Boumediene : les limites entre le civil et le militaire
(5eme Partie)
Depuis l’investiture d’Ahmed Ben Bella comme président du Conseil et chef du gouvernement, le 27 septembre 1962, puis comme président de la République, le colonel Houari Boumediene devint naturellement deuxième homme fort de l’Etat, en sa qualité de vice-président du gouvernement et ministre de la Défense, tout en restant chef d’Etat-major d’une armée forte de 35 000 hommes, bien équipée et entraînés, grâce à une organisation qu’il avait déjà mis au point avant l’arrivée de « l’armée des frontières ». Il avait également sous sa responsabilité directe les puissants services de renseignements (Sécurité militaire). Ce qui lui permettait de s’imprégner de la réalité de tous les secteurs d’activité, civils et militaire, et de renforcer son autorité et son ascendant sur les sphères de décision au niveau de l’Etat et des instances exécutives. Il faut dire que durant les premiers mois de l’Indépendance, les limites entre le civil et le militaire n’étaient pas encore très distinctes.

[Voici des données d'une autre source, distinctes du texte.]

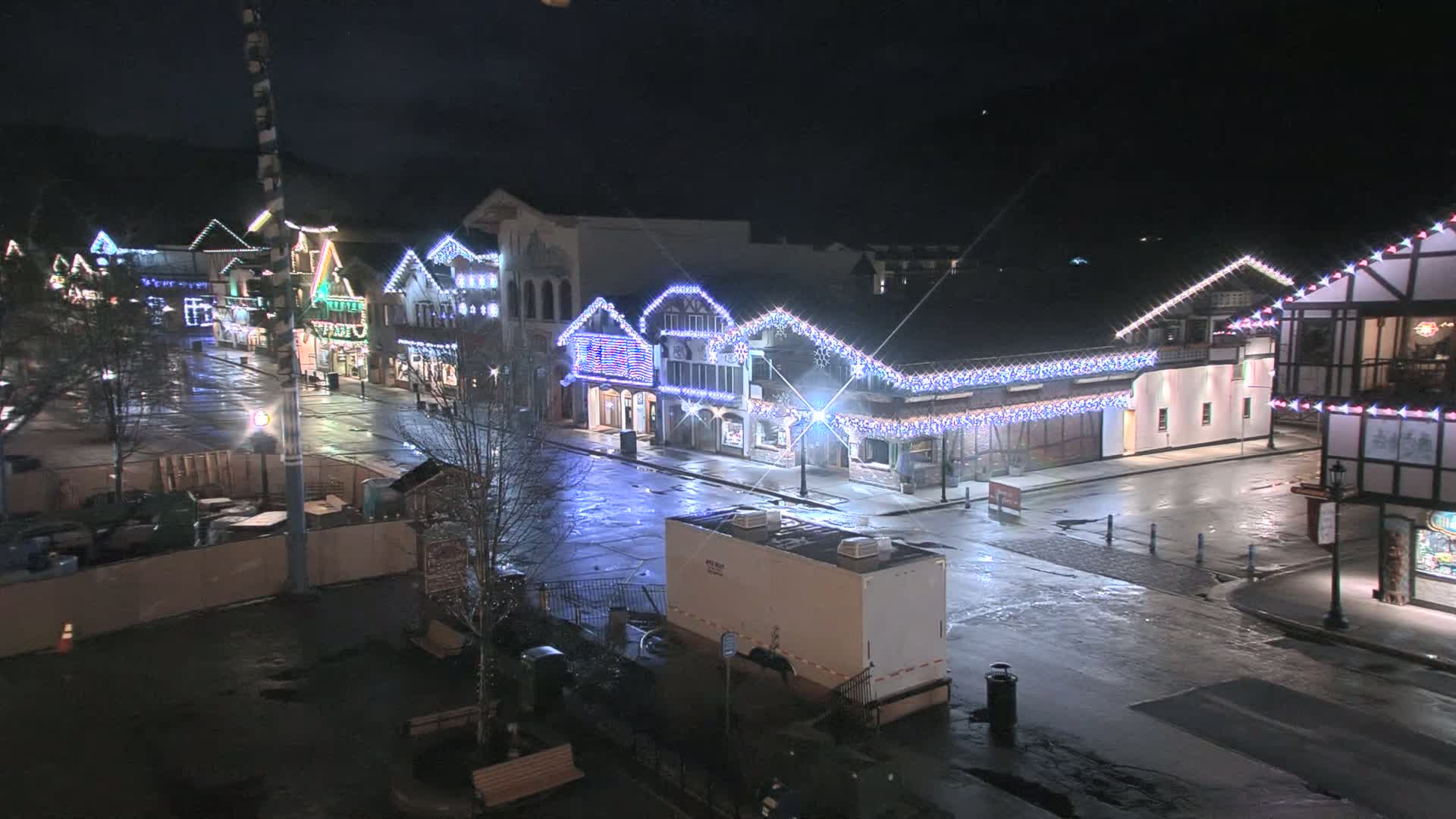 A wet, empty street at night lined with festively lit buildings.
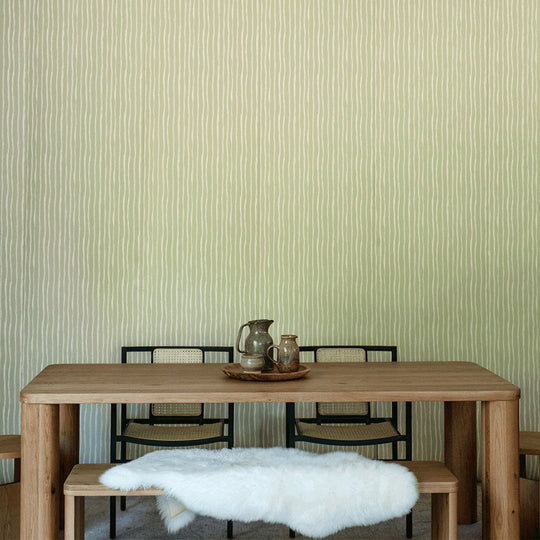 Lifestyle front view of table with chairs in front of Anewall Soft Stripes Wallpaper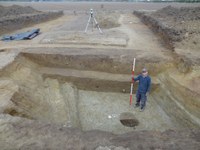 View of the defensive ditch at Ebbsfleet during the 2016 excavation, a stepped ditch with a square base. A man stands in the ditch holding equipment to illustrate its depth, which is above his head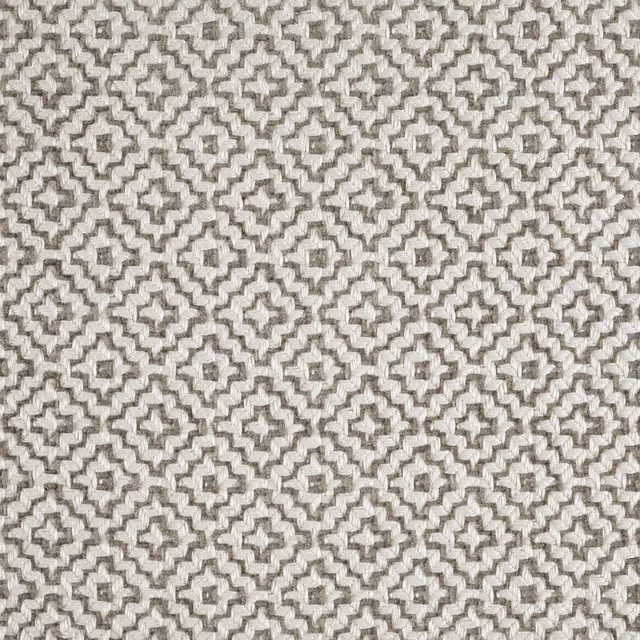 Close-up of a warm pebble-grey geometric woven fabric with cream and taupe detail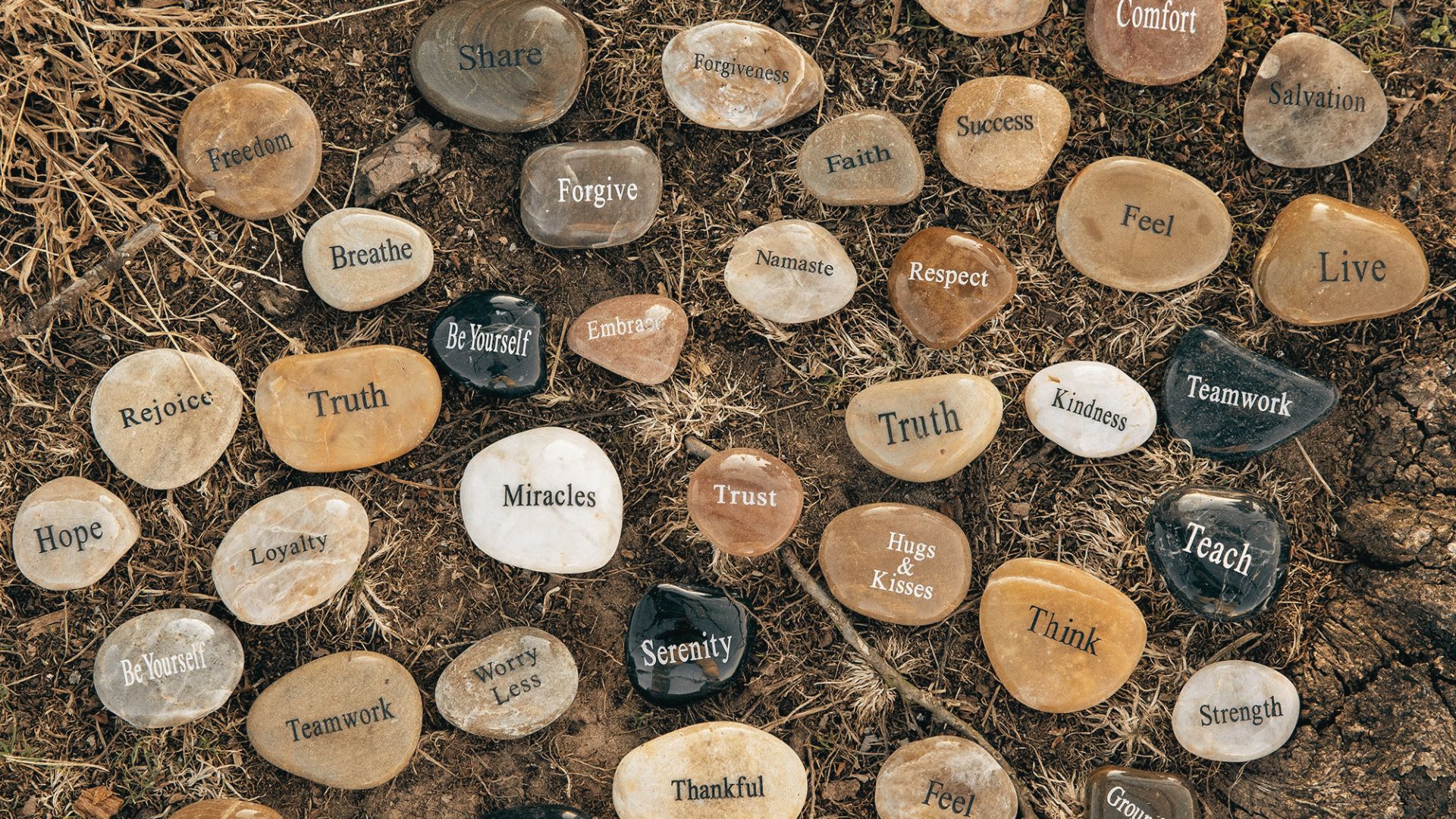 A collection of rocks stacked together, each labeled with many emotions, representing individual identities or memories.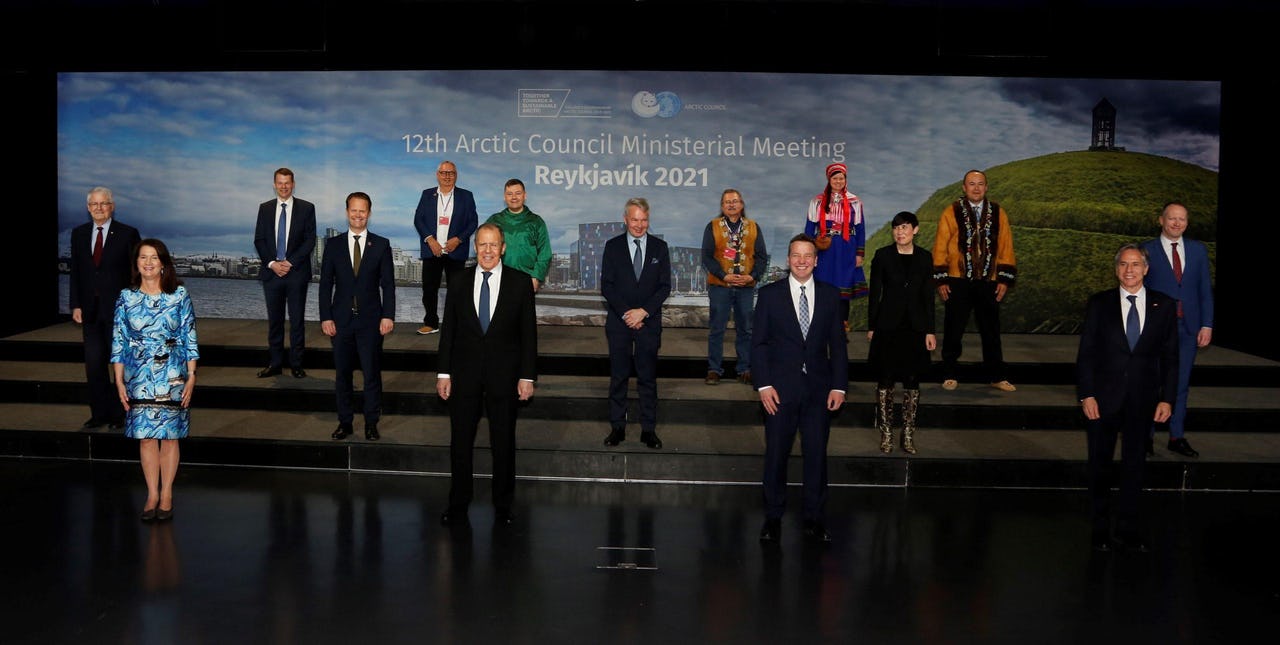 16 individuals wearing traditional suits and formal business attire standing 2 metres apart with a background display of the 12th Arctic Council Ministerial Meeting in Reykjavik, Iceland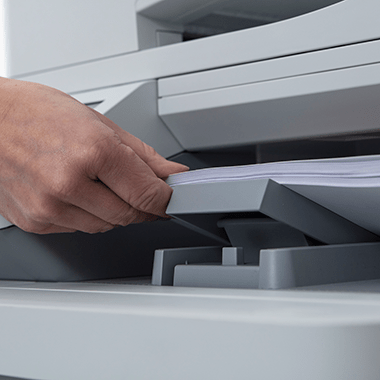 Close-up of a hand placing paper into a printer tray, highlighting managed print services by Brother.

Cette ascension somme toute prévisible n’était pas du goût du chef de l’Etat qui était jaloux de son pouvoir et de ses prérogatives. Les dissensions s’accentuaient alors entre les deux hommes, jusqu’arriver au point de rupture. Continuant à jouer sur le terrain politique, Boumediene ne s’enhardit plus pour contester le régime de son allié, qu’il accuse d’«aventurier» et d’«autocrate». Il est vrai qu’au-delà des luttes de clans, l’armée nationale se trouva, malgré elle, confrontée à des conflits armés qui la déstabilisera pendant longtemps, à l’image de la rébellion du FFS de 1963 à 1965 qui fit des centaines de victimes dans les deux camps, et où les troupes de l’ANP étaient amenées à quadriller la Kabylie pendant un an et demi. La dissidence du colonel Mohamed Chaâbani dans l’ex-Wilaya VI (Sahara) ne fera qu’aggraver le schisme. Le commandement de l’ANP verra aussi d’un mauvais œil la constitution d’une « milice » contrôlée par Ben Bella afin d’appuyer son pouvoir, en accusant notamment l’armée égyptienne de lui fournir secrètement des équipements et des armes.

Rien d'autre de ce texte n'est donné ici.